- Task details
The entries that follow need to be reproduced exactly, minus any images.

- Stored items

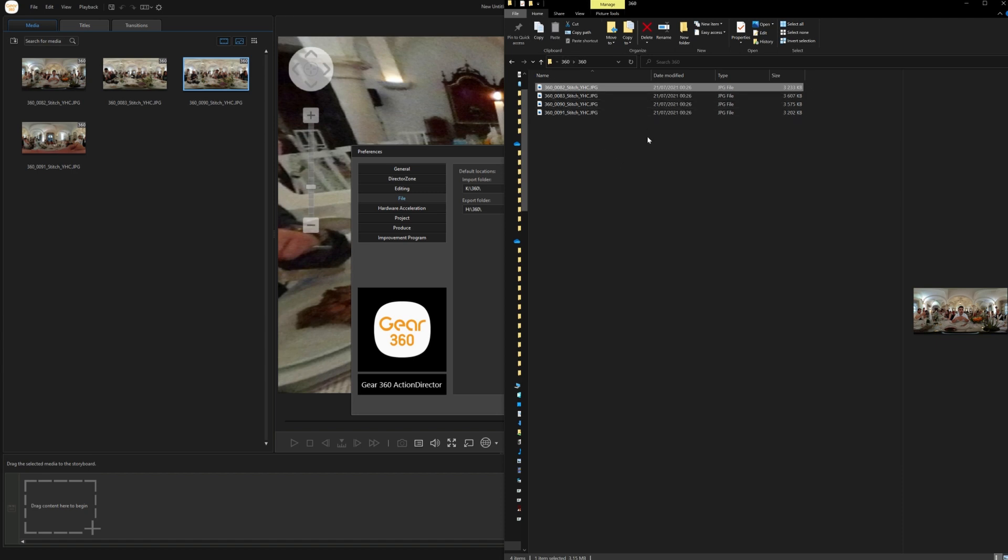If not, then you have to use the metadata injector to inject the 360 metadata into the file, and then when you upload it it will show up as a 360.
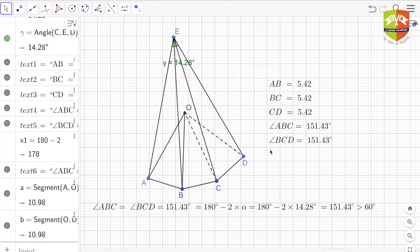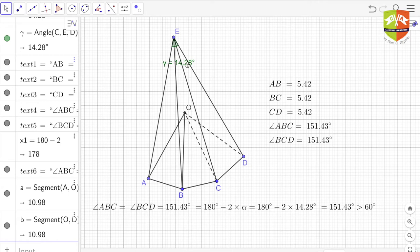There is one constraint: the angles ABC and BCD must not be less than 60 degrees — they must be greater than 60 degrees. Only then will this hold. This is the first part of the lemma. The other part of the lemma says there is one more point E such that angle AED is thrice angle AOB.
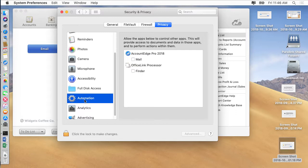This new feature or preference is found under privacy in security and privacy under privacy under a new section called automation.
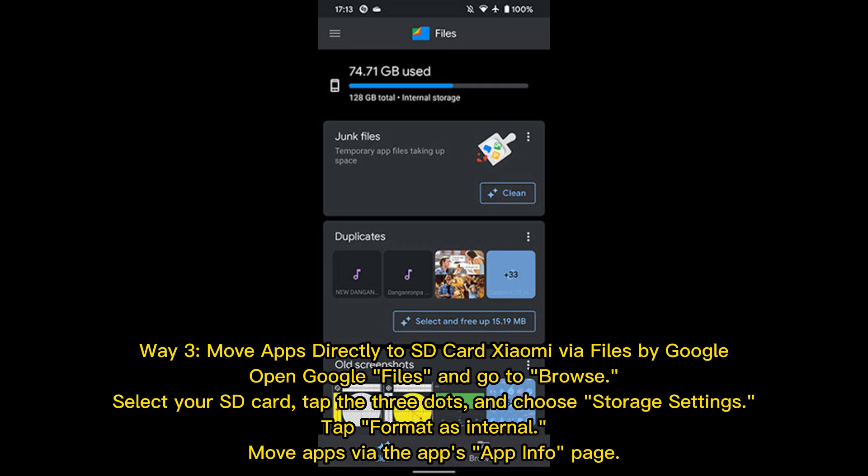Way 3: Move apps directly to SD card on Xiaomi via Files by Google. Open Google Files and go to Browse. Select your SD card, tap the three dots and choose Storage Settings, then tap Format as Internal. Then move apps via the app's App Info page.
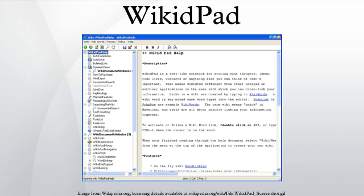WikiPad is an open-source, Python-based wiki-like outliner for storing thoughts, ideas, to-do lists, contacts, and other notes with wiki-like linking between pages.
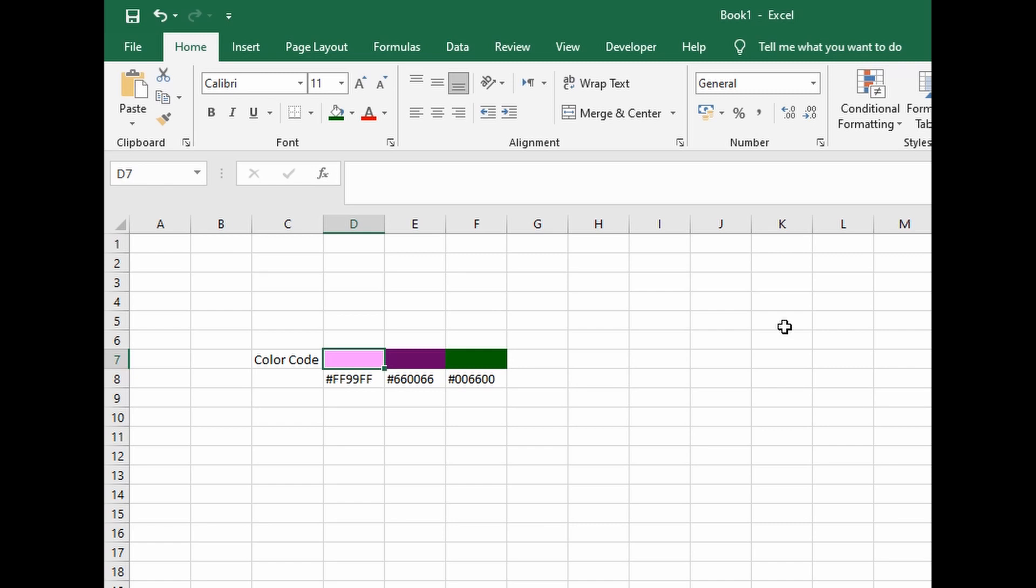Some people struggle to get the color palette for specific files that they receive from other people in the team or download from the web. For example, if I've got three...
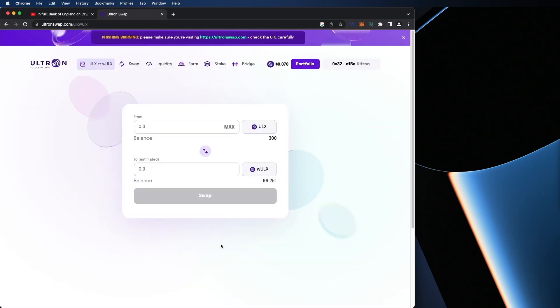So as you can see here, I have 96.251 Wrap ULX and I'm left with 300. So we're going to hop over. We're going to skip these for now and we're just going to go to stake.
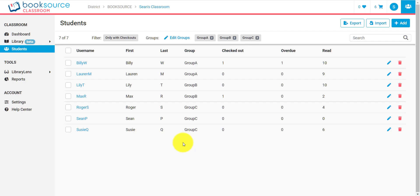Hello, I'm Sean from BookSource, the company that created BookSource Classroom. I'll be your guide through a series of videos to help you better understand BookSource Classroom and its many features. Today, we're going to talk about students and in particular how to add, edit, and delete students.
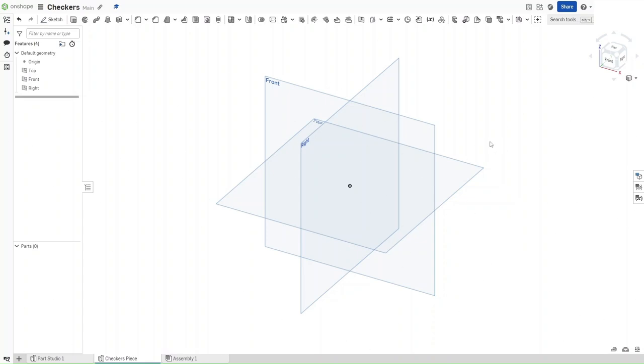Hello guys, this is FusionForge and in this video I'll show you how to make a checkers piece in Onshape. So without further ado, let's get started.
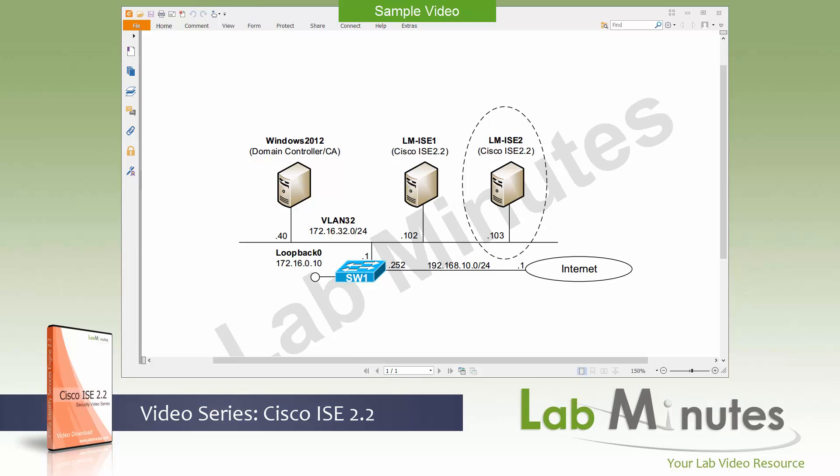Welcome to labminutes.com and our lab video series on Cisco ISE 2.2. This is Mehta, your instructor for this video series. For a complete list of our ISE videos, you can visit our website under the security section. There you can also sign up for our newsletters to receive the latest video updates.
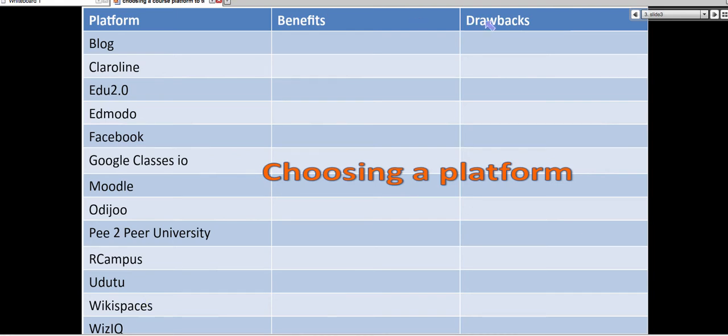But I want you to find out what the other platforms have to offer. There are benefits and drawbacks, and of course, you have to think of your specific needs.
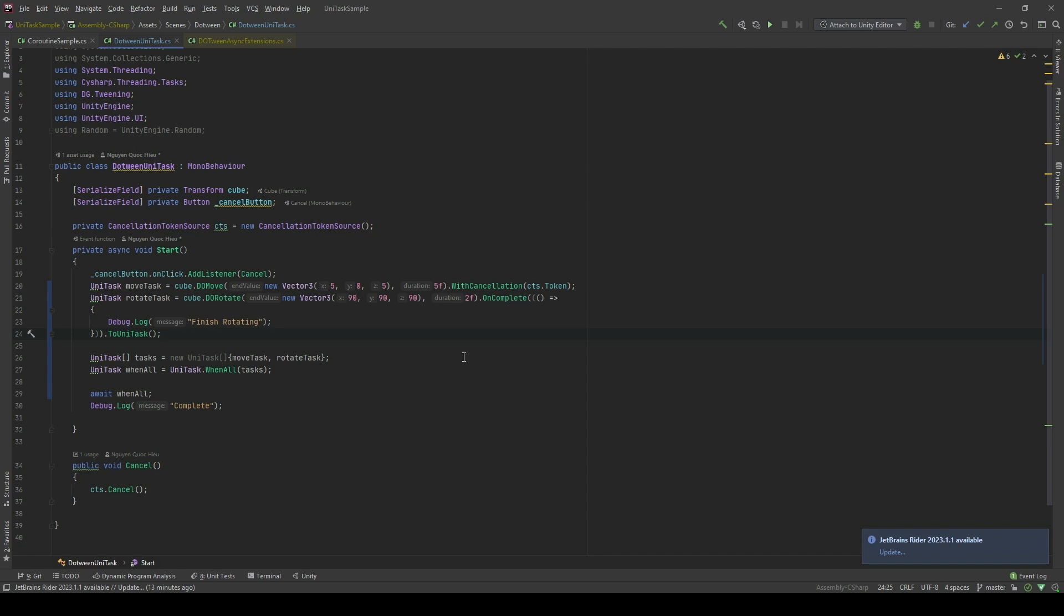So you can actually do this with UniTask without breaking anything. And that is why using UniTask with DoTween is very very powerful. And another thing is that instead of using OnComplete callback, we can do this in a UniTask way. Let's take a look.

- Your response
If not, then you have to use the metadata injector to inject the 360 metadata into the file, and then when you upload it it will show up as a 360.
There is one constraint: the angles ABC and BCD must not be less than 60 degrees — they must be greater than 60 degrees. Only then will this hold. This is the first part of the lemma. The other part of the lemma says there is one more point E such that angle AED is thrice angle AOB.
This new feature or preference is found under privacy in security and privacy under privacy under a new section called automation.
Way 3: Move apps directly to SD card on Xiaomi via Files by Google. Open Google Files and go to Browse. Select your SD card, tap the three dots and choose Storage Settings, then tap Format as Internal. Then move apps via the app's App Info page.
WikiPad is an open-source, Python-based wiki-like outliner for storing thoughts, ideas, to-do lists, contacts, and other notes with wiki-like linking between pages.
Some people struggle to get the color palette for specific files that they receive from other people in the team or download from the web. For example, if I've got three...
So as you can see here, I have 96.251 Wrap ULX and I'm left with 300. So we're going to hop over. We're going to skip these for now and we're just going to go to stake.
Hello, I'm Sean from BookSource, the company that created BookSource Classroom. I'll be your guide through a series of videos to help you better understand BookSource Classroom and its many features. Today, we're going to talk about students and in particular how to add, edit, and delete students.
Hello guys, this is FusionForge and in this video I'll show you how to make a checkers piece in Onshape. So without further ado, let's get started.
Welcome to labminutes.com and our lab video series on Cisco ISE 2.2. This is Mehta, your instructor for this video series. For a complete list of our ISE videos, you can visit our website under the security section. There you can also sign up for our newsletters to receive the latest video updates.
But I want you to find out what the other platforms have to offer. There are benefits and drawbacks, and of course, you have to think of your specific needs.
So you can actually do this with UniTask without breaking anything. And that is why using UniTask with DoTween is very very powerful. And another thing is that instead of using OnComplete callback, we can do this in a UniTask way. Let's take a look.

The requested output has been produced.